GNU C Library Sees Up To 12.9x Improvement With New Generic FMA Implementation

Last updated: 2025/11/27 at 6:38 AM

News Room Published 27 November 2025

Just a few days ago I wrote about the Glibc math code seeing a 4x improvement on AMD Zen by changing the used FMA implementation. Merged overnight was a new generic FMA implementation for the GNU C Library and now yielding up to a 12.9x throughput improvement on AMD Zen 3.

Adhemerval Zanella contributed this new generic FMA implementation to the GNU C Library. Zanella explained in the patch landing this new generic Fused Multiply Add (FMA) implementation:

“The current implementation relies on setting the rounding mode for different calculations (first to FE_TONEAREST and then to FE_TOWARDZERO) to obtain correctly rounded results. For most CPUs, this adds a significant performance overhead since it requires executing a typically slow instruction (to get/set the floating-point status), it necessitates flushing the pipeline, and breaks some compiler assumptions/optimizations.

This patch introduces a new implementation originally written by Szabolcs for musl, which utilizes mostly integer arithmetic. Floating-point arithmetic is used to raise the expected exceptions, without the need for fenv.h operations.

I added some changes compared to the original code:

* Fixed some signaling NaN issues when the 3-argument is NaN.

* Use math_uint128.h for the 64-bit multiplication operation. It allows the compiler to use 128-bit types where available, which enables some optimizations on certain targets (for instance, MIPS64).

* Fixed an arm32 issue where the libgcc routine might not respect the rounding mode. This can also be used on other targets to optimize the conversion from int64_t to double.

* Use -fexcess-precision=standard on i686.”

This new musl libc based implementation is showing some “large improvements” with tests carried out by Adhemerval Zanella:

New FMA implementation benchmarks

In another commit, Adhemerval Zanella summed up the recent math improvements made for Glibc 2.43 as:

“* Additional optimized and correctly rounded mathematical functions have been imported from the CORE-MATH project, in particular acosh, asinh, atanh, erf, erfc, lgamma, and tgamma.

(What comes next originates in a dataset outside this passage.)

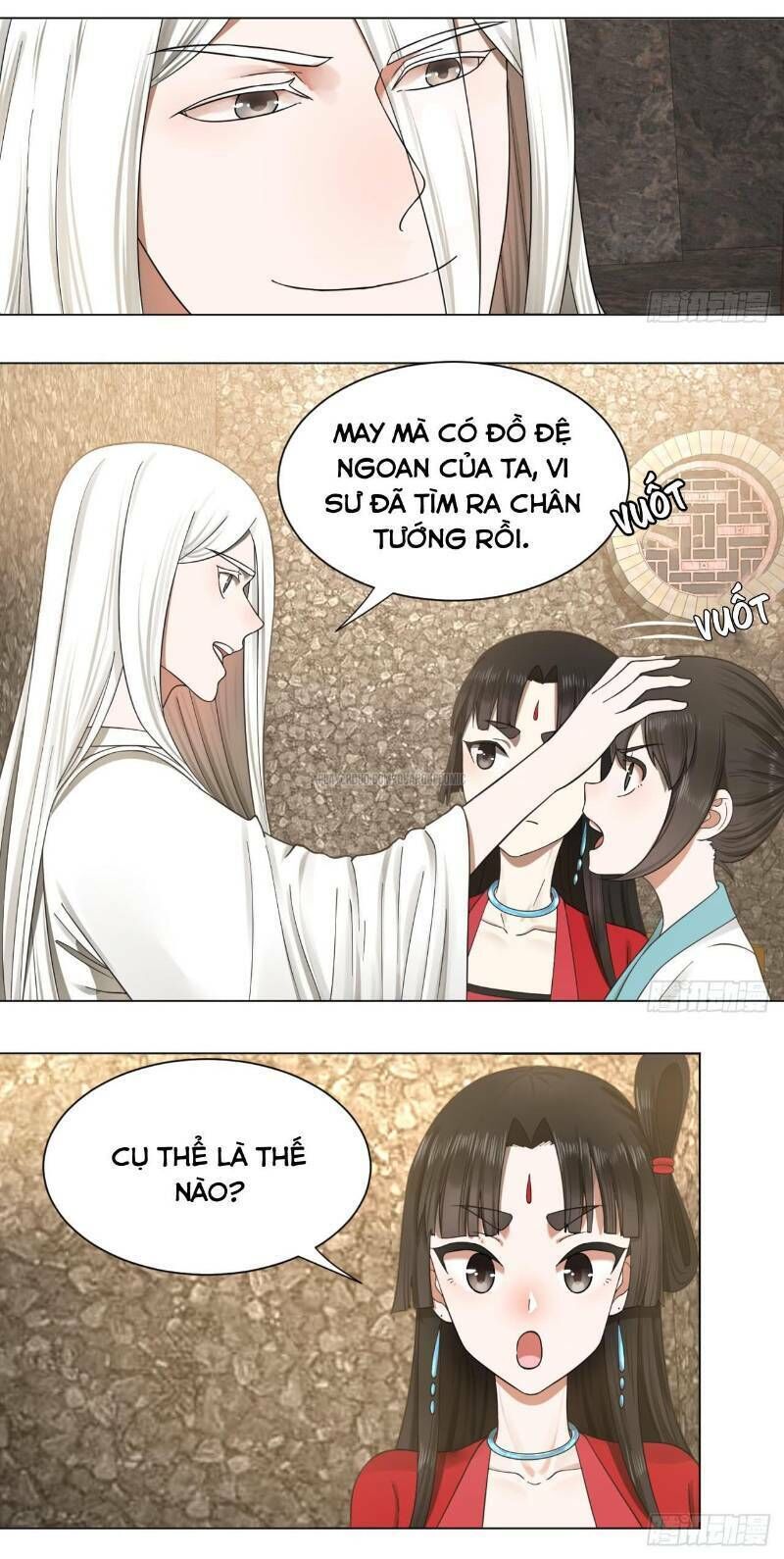 Ta Luyện Khí Ba Ngàn Năm Chapter 64 - 2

* Optimized implementations for remainder, remaindef, frexpf, frexp, frexpl (binary128), and frexpl (intel96) have been added.

* The SVID handling for acosf, acoshf, asinhf, atan2f, atanhf, coshf, lgammaf/lgammaf_r, log10f, sinhf, sqrtf, tgammaf, y0/j0, y1/j1, and yn/jn were moved to compat symbols, allowing improvements in performance.”

Look for these improvements and more with Glibc 2.43 due for release in February.